On September 13, 2012, in conjunction with the Merger Agreement above, Red Fox Management, LP (“Buyer”), a new entity formed by affiliates of Kohlberg Kravis Roberts & Co. L.P., Beecken Petty O’Keefe & Company and Coastwood Senior Housing Partners LLC, entered into a Membership Interest Purchase Agreement (the “Management Business Sale Agreement”) with SSLI and Holdco to acquire SSLI’s management business for approximately $130,000,000. HCN will also acquire a 20% interest in the Buyer. Pursuant to the Management Business Sale Agreement, Holdco (which, immediately following the Holding Company Merger, will be the sole member of the Management Business LLC) will sell the Management Business LLC to the Buyer (or a wholly owned subsidiary of the Buyer) immediately following the completion of the Holding Company Merger and the Reorganization and immediately prior to the completion of the Merger.
The Management Business Sale Agreement provides that it will automatically terminate upon the termination of the Merger Agreement and provides for certain other termination rights for both SSLI and the Buyer. The consummation of the Management Business Sale is conditioned on the satisfaction or waiver of customary closing conditions, including (1) expiration or termination of applicable waiting periods for the Management Business Sale under the Hart Scott Rodino Act; (2) receipt of certain state approvals; and (3) completion of the Reorganization by Sunrise in all material respects.
On October 1, 2012, SSLII purchased HVP’s interest in the MSH Companies and HVPII’s interest in the HBLR Companies. The purchase price for the acquisition was approximately $171,000,000. Following the closing of these purchases, SSLII owns 100% of the equity interests in the MSH Companies and the HBLR Companies. The acquisitions were made pursuant to Purchase and Sale Agreements, dated as of August 21, 2012, between SSLII, HVP and HVPII.
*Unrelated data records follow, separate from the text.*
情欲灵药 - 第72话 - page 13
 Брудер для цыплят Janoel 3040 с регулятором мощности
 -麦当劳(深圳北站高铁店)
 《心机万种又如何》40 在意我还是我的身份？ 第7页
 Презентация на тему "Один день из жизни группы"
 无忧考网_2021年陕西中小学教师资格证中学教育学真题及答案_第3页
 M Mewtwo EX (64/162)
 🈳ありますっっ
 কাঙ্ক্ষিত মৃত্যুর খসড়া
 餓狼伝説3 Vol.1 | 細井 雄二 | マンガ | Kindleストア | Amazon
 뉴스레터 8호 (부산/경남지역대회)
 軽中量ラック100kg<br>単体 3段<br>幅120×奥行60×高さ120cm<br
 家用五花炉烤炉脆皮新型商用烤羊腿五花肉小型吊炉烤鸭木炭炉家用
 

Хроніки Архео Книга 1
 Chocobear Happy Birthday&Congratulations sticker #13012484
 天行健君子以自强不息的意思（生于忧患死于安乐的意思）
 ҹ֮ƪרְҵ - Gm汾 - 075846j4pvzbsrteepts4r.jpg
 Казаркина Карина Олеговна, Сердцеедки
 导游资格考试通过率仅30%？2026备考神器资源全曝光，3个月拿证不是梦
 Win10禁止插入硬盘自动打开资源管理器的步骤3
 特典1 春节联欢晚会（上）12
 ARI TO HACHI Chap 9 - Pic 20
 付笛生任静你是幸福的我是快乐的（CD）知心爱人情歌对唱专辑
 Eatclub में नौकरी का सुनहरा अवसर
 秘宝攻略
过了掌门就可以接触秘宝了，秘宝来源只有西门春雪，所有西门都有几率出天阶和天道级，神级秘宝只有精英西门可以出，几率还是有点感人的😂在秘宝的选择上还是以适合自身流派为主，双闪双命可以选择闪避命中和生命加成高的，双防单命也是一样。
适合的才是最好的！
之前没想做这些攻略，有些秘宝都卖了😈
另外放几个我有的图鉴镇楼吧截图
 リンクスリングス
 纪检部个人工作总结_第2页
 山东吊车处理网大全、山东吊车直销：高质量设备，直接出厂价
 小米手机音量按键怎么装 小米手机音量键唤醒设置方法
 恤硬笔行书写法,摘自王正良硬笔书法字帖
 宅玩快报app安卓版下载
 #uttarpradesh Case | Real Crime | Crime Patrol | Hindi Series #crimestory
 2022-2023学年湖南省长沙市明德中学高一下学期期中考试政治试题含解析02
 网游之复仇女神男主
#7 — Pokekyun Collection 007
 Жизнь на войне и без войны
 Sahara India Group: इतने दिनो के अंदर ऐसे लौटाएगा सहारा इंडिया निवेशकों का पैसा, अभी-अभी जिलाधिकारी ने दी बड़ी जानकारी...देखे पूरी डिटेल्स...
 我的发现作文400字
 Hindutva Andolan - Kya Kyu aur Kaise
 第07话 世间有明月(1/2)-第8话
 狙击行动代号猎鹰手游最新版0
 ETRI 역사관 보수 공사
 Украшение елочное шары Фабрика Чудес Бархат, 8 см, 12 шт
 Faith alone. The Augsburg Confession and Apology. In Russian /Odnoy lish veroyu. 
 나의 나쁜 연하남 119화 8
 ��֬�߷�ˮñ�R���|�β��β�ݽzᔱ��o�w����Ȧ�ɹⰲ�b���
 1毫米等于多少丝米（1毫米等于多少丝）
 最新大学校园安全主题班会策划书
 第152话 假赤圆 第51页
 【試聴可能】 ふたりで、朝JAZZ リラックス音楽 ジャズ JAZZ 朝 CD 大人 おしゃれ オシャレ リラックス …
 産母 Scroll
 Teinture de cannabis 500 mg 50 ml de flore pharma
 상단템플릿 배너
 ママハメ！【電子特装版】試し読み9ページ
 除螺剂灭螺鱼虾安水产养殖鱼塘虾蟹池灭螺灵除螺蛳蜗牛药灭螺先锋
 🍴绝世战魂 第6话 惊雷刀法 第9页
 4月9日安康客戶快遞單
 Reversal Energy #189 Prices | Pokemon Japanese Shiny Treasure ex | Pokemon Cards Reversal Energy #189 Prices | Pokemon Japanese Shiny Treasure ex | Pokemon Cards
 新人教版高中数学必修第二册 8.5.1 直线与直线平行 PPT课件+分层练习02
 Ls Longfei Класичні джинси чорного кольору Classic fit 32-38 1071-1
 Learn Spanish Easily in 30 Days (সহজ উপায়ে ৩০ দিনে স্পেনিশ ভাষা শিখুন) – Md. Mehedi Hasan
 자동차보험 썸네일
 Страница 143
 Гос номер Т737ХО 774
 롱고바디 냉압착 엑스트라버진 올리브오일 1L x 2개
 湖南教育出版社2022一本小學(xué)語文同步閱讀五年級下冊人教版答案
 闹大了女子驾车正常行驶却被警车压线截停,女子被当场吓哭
As part of the October 1, 2012 transactions, SSLII entered into a credit agreement with HCN in the amount of $365,000,000 with principal payments that bear interest at the average of the one-month London InterBank Offered Rate plus 5.0%. The credit agreement matures on December 31, 2013. The credit agreement with HCN allowed for SSLII to purchase the HBLR Companies’ equity interests of approximately $53,000,000. The remaining $312,000,000 was for SSLII to pay off the MSH Companies’ loan and purchase the MSH Companies’ equity interests. Pursuant to the transaction, $194,752,664 was disbursed to pay off the MSH Companies’ loans with Berkadia which is inclusive of principals, interests, fees, and other expenses.
On October 1, 2012, in connection with the closing, HVP, HVPII and SSLII entered into mutual releases of all claims arising in connection with the ownership and operation of the MSH and HBLR Facilities and the MSH Companies and the HBLR Companies, subject to certain customary carve-outs.
The Companies reviewed subsequent events through December 6, 2012, the date the combined financial statements were issued.